___ Provided data ___
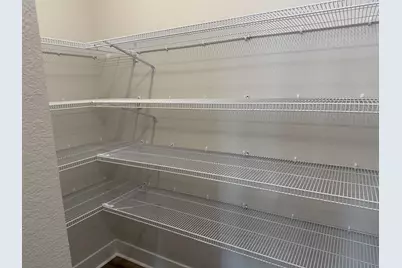 N66W20903  Sweet Clover Dr, Menomonee Falls, WI 53051 - Photo 8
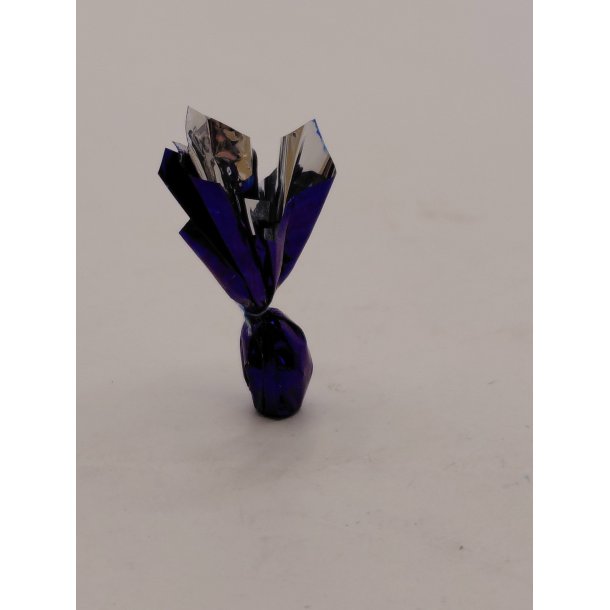 P�ske�g i lilla indpakning (h�ndlavet)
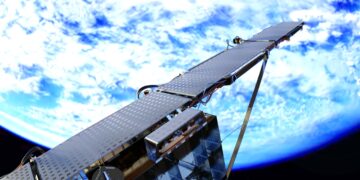 Satellite nell'orbita terrestre [foto: imagoeconomica]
___
● What you are asked to do
Would you retype the listing above exactly, omitting its pictures?

● Response to this exercise
 N66W20903  Sweet Clover Dr, Menomonee Falls, WI 53051 - Photo 8
 P�ske�g i lilla indpakning (h�ndlavet)
 Satellite nell'orbita terrestre [foto: imagoeconomica]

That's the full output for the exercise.